The U.S. Department of Transportation's (USDOT) National Highway Traffic Safety Administration (NHTSA) recently teamed up with other agencies and activist groups to launch the first Distracted Driving Awareness Month.
Law enforcement at all levels is working to raise awareness this month on the risks associated with distracted driving, which can include using cell phones or other mobile devices, reading a newspaper or other activities that take the eyes off the road while driving. NHTSA is joining forces with the National Transportation Safety Board (NTSB), California Highway Patrol (CHP), the California Office of Traffic Safety (OTS) and Impact Teen Drivers (ITD) for the campaign.
“Behind every distracted driving death is a story of loss," U.S. Transportation Secretary Anthony Foxx said. "In the blink of an eye, lives can be transformed forever. Scrolling through song lists on a cell phone, or texting while driving, is not just irresponsible, it can have tragic consequences. We’re calling on drivers to put down their devices and help keep the roadways safe for all Americans.”
In 2013, 3,154 people died and 424,000 were injured in crashes tied to distracted driving in all 50 states, the District of Columbia and Puerto Rico, USDOT data said.

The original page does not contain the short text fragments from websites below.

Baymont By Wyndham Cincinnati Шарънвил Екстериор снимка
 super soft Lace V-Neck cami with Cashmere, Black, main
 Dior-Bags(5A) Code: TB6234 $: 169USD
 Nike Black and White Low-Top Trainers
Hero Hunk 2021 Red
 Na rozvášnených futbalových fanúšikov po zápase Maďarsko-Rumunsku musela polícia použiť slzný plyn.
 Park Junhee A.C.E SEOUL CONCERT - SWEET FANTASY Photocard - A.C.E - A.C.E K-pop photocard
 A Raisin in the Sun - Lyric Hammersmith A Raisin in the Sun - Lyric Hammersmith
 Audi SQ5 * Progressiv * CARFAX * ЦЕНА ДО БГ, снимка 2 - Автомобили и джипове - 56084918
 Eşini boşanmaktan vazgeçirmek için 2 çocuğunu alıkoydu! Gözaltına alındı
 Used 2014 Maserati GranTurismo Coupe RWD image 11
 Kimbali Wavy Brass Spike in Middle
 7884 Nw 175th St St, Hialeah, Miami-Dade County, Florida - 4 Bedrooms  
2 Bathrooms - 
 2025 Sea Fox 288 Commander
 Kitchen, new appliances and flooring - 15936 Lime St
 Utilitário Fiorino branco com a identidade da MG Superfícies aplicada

“Lives are at stake on our highways," NHTSA Administrator Mark Rosekind said. "We want to drive behavior change and stop bad habits in their tracks. We’ve learned over the years that drivers tend to be more responsive to changing their ways if there is a price for their actions. The cost of a ticket is nothing compared to the irrevocable cost of taking someone’s life.”
A 2014 American Automobile Association Foundation study that focused on behavior instead of law enforcement data found that distractions from cell phone use often don't show up in official government statistics.